Task
Looking at the listing below, retype exactly the lines starting at the one containing "חולצת ג'ינס דיקסי שחורה" and ending at the one containing "2018 Jeep Grand", both included, and nothing else.

——

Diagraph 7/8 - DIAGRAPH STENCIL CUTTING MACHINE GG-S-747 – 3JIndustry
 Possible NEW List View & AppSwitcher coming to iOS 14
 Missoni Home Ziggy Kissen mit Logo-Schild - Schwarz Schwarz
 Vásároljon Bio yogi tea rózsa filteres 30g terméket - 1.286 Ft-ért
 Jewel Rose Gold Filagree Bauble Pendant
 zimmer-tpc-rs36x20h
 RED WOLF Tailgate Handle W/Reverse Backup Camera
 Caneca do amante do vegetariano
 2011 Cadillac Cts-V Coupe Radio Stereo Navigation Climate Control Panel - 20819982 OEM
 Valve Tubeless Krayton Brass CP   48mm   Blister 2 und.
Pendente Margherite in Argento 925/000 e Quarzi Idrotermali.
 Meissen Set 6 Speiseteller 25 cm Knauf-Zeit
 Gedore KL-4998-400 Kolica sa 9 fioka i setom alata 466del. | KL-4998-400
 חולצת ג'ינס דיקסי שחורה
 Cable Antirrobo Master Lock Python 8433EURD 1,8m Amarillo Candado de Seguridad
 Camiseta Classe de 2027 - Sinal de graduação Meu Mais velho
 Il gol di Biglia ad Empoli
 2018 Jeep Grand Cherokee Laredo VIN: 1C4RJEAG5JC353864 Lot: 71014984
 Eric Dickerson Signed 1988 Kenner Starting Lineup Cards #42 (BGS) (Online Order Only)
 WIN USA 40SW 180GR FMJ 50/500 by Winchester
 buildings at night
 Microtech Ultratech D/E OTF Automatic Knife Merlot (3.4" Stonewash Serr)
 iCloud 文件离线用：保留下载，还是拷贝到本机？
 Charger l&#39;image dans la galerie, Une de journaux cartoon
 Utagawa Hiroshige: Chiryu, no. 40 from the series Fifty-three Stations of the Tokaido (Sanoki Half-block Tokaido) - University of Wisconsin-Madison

——

Solution for this problem
 חולצת ג'ינס דיקסי שחורה
 Cable Antirrobo Master Lock Python 8433EURD 1,8m Amarillo Candado de Seguridad
 Camiseta Classe de 2027 - Sinal de graduação Meu Mais velho
 Il gol di Biglia ad Empoli
 2018 Jeep Grand Cherokee Laredo VIN: 1C4RJEAG5JC353864 Lot: 71014984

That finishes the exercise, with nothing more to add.